CONSEGUENZE DI QUESTA LOGICA. Quali sono le conseguenze di tutto questo? La gente è malata.

  1. Il mal di testa: un italiano su due ne soffre (tra cui 3 bambini su 10). Il 75% prende farmaci per questo. Ogni italiano spende in media 828 euro all’anno per questo!

Ma voi avete mai visto un leone, un gatto, un coniglio, un maiale, soffrire di mal di testa? No, a meno che non gli abbiate tirato una “vangata” sulla nuca!

  1. La gente è insicura. Non sai mai cosa ti potrà succedere domani: “Mi lasceranno a casa? E poi? Chi manterrà i miei figli? E cosa andrò a fare?”.

Questo crea diffidenza: “Mi sta fregando il posto, il mio collega’”; competizione: “Meglio essere davanti, perché gli ultimi sono i primi ad essere eliminati”; disistima: “Ma basta ciò che so, ciò che faccio, ciò che ho studiato?”; perfezionismo da prestazioni: “Avrò fatto il meglio? Basterà? E se succede una crisi?”.

  1. La gente non pensa più. Non si può pensare perché se dici la tua, rischi di essere “messo da parte”, se fai diversamente “sarai escluso”, se ti ascolti non puoi passare sopra agli altri come dei schiacciasassi, se dai spazio all’anima e alle relazioni diventa un problema perché poi ti mettono in difficoltà.

Così la gente diventa un automa, un robot, che corre, corre, corre. E l’anima, lo spirito, la fede, la spiritualità? Non c’è tempo!: quel poco tempo bisogna riposarsi per poi correre nuovamente e di più!

Ma io voglio questo?

 

SCELGO DI ESSERE ANTIQUATO. Ma cosa vuol dire, per me, allora Natale, che Dio viene? Io sto dalla parte di Gesù: preferisco l’uomo al lavoro (Mc 2,27: “Il sabato (il lavoro) è stato fatto per l’uomo e non l’uomo per il sabato)!

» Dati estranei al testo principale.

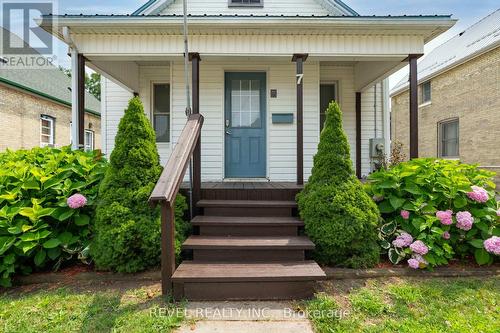 7 Maple Street, St. Thomas, ON - Outdoor With Deck Patio Veranda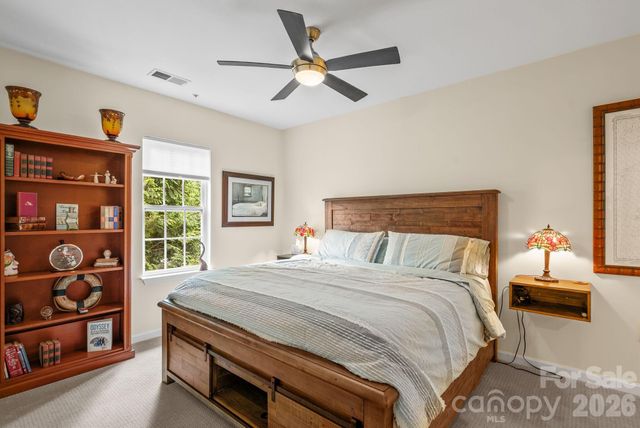 435 Appeldoorn Circle, Asheville, NC 28803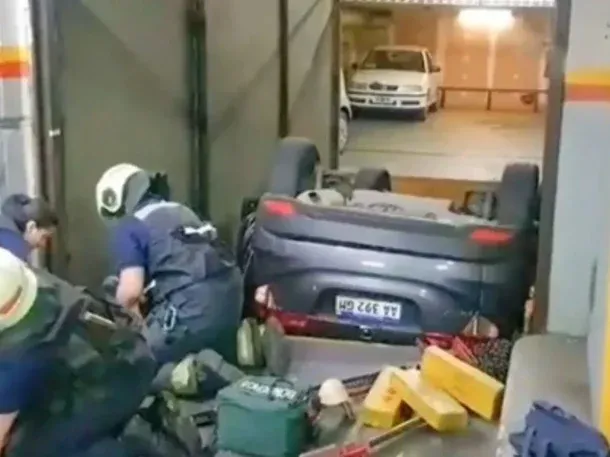 Recoleta: un hombre cayó con su auto en el hueco de un montacargas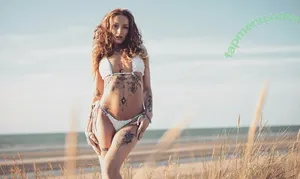  nude photo #0002
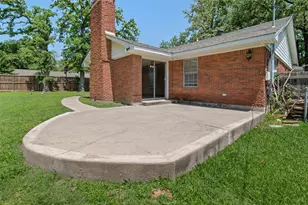 2202 Foxcroft Cir, Denton, TX 76209 - Photo 26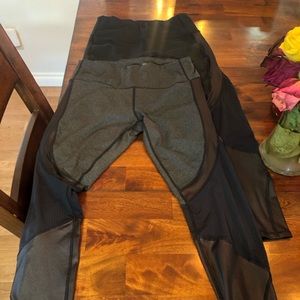 BCBG MaxAzria Leggings w/ Black Pleather & Mesh. Great condition Set of 2 Size M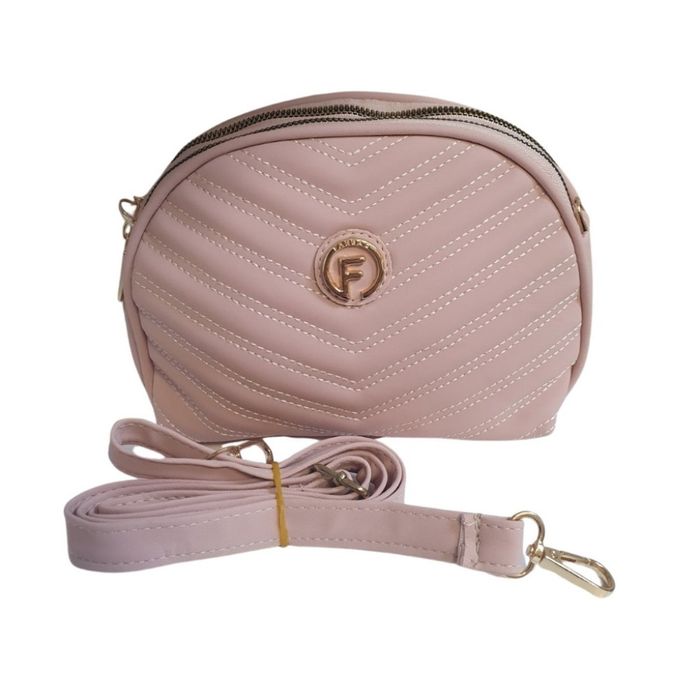 Елегантна дамска чанта с дълга презрамка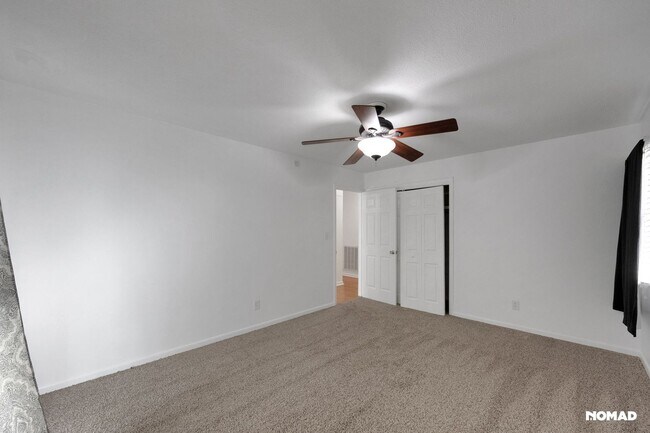 Building Photo - Spacious 4BR House in Fayetteville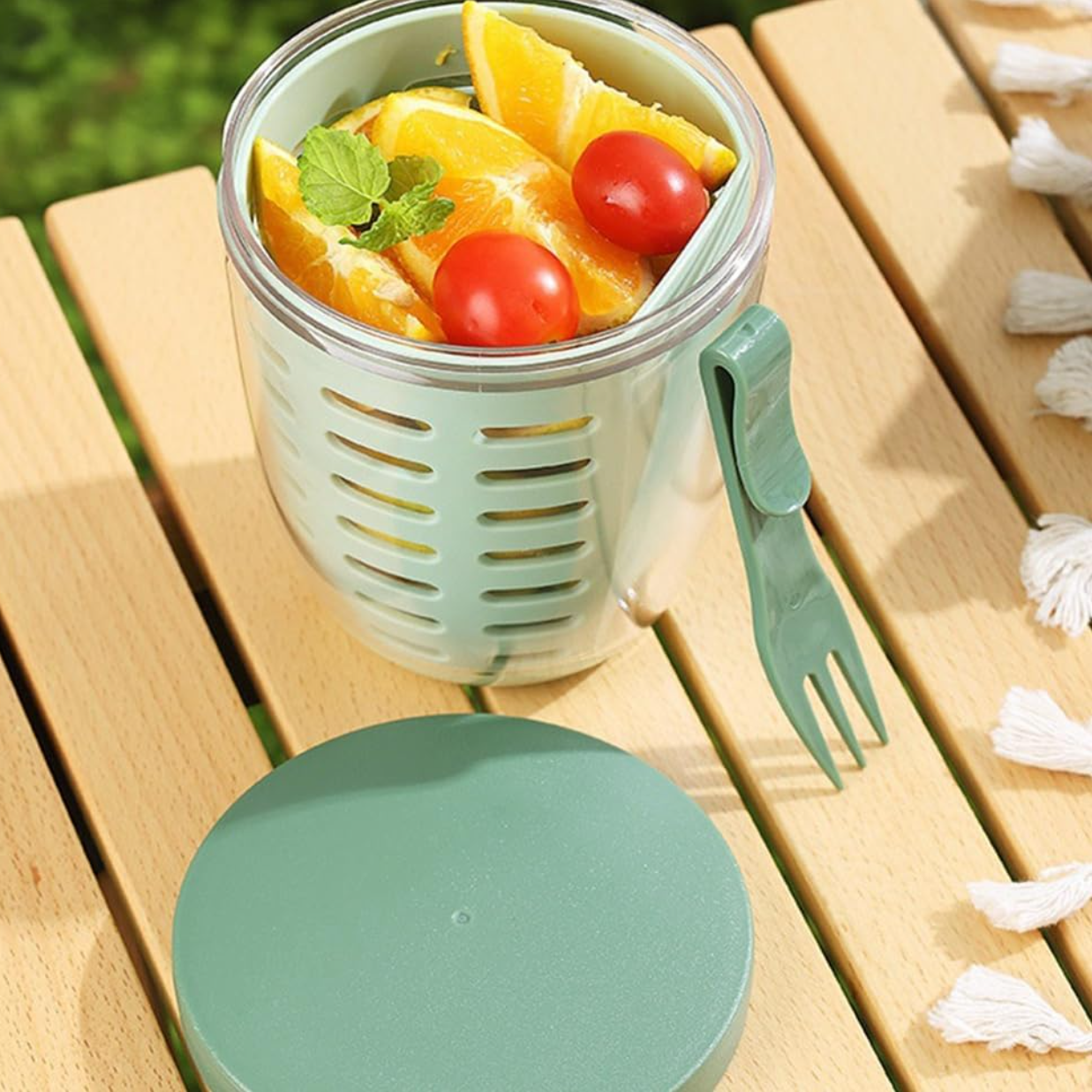 Portable Picnic Party Fruit Salad Storage Cup (with Lid and Fork)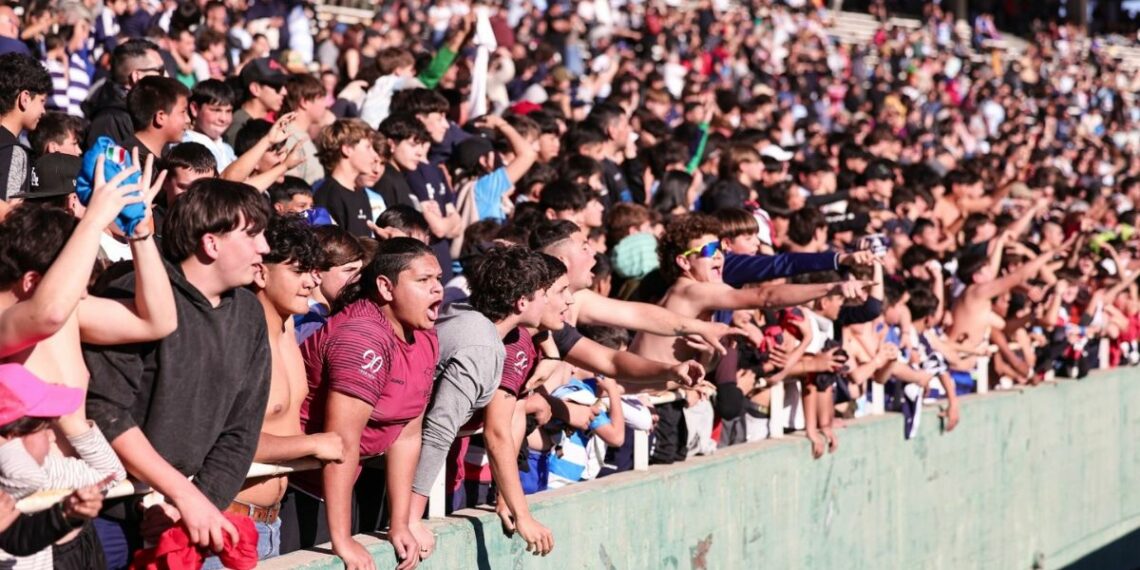 Más de 10 mil personas asistieron al entrenamiento abierto de Los Pumas en el Kempes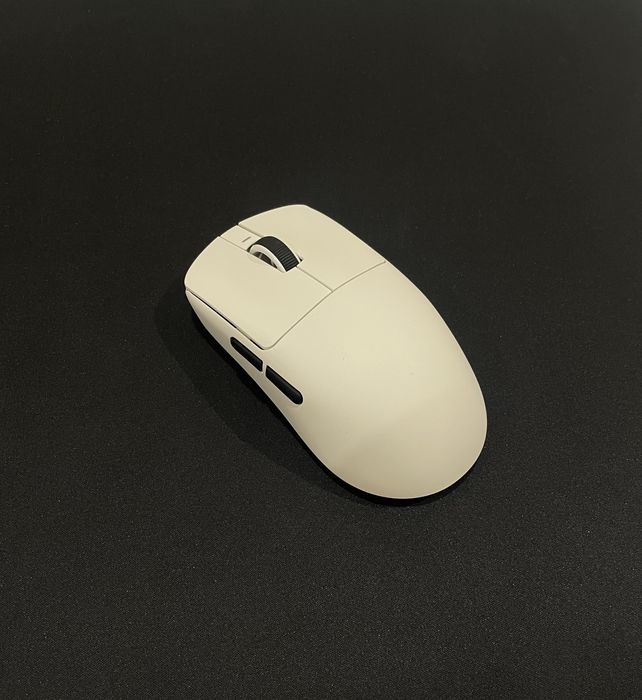 Продаю мышь VXE R1 SE + (новая)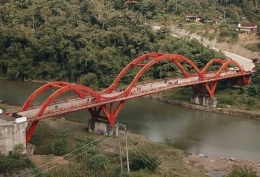 Jembatan merah Purbalingga (doc : Instagram @fathan_drone)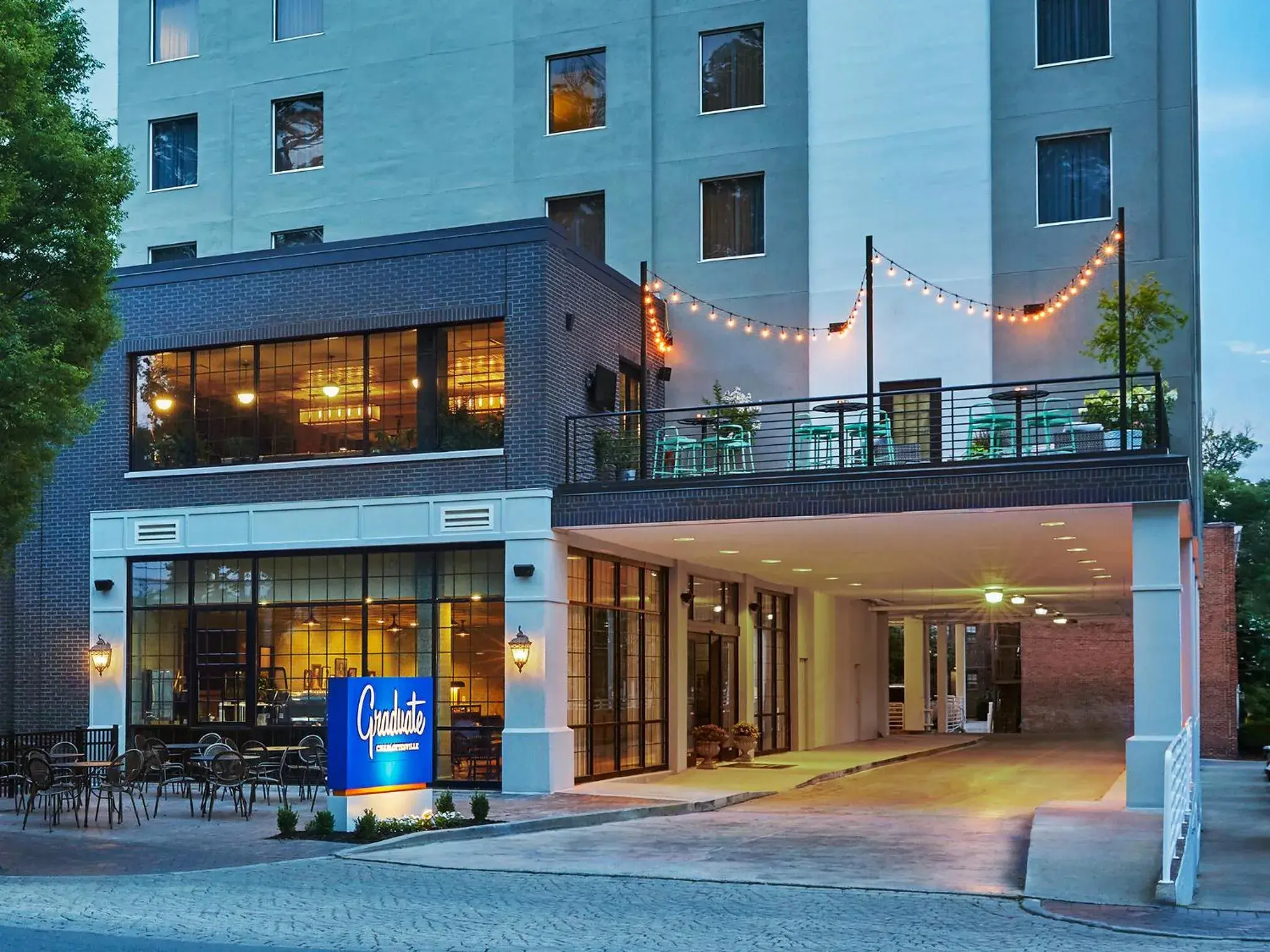 Facade/entrance in Graduate by Hilton Charlottesville Facade/entrance in Graduate by Hilton Charlottesville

Chiesi ad un matto: “Che cos’è l’amore?”. E lui mi rispose: “Quella cosa che mi ha fatto diventare così!”.

Preferisco essere “disadattato, fuori, diverso” che malato! Scelgo le relazioni al successo; scelgo la fragilità all’essere perfetto o sempre forte; scelgo di poter sbagliare all’essere invincibile o all’avere sempre la risposta o all’immagine sociale di “brava persona”; scelgo le emozioni al “tutto va bene”; scelgo l’anima rispetto ai viaggi; scelgo di essere me stesso rispetto a ciò che il mondo si aspetta da me; scelgo il bambino rispetto all’efficienza; scelgo di lavorare per vivere e non di vivere per lavorare.

Cosa porterà tutto questo? A cosa non so ma a qualcosa sicuramente…: in ogni caso scelgo l’Uomo.

E quando scelgo l’Uomo, scelgo, sicuramente, Dio.

 

Buon Natale a tutti voi:

Lo lasciamo venire come viene? Brrr… chissà come verrà?!?

 

Pensiero della settimana

Non puoi sentire Dio che parla con un altro,

puoi sentirlo soltanto quando è a te che parla.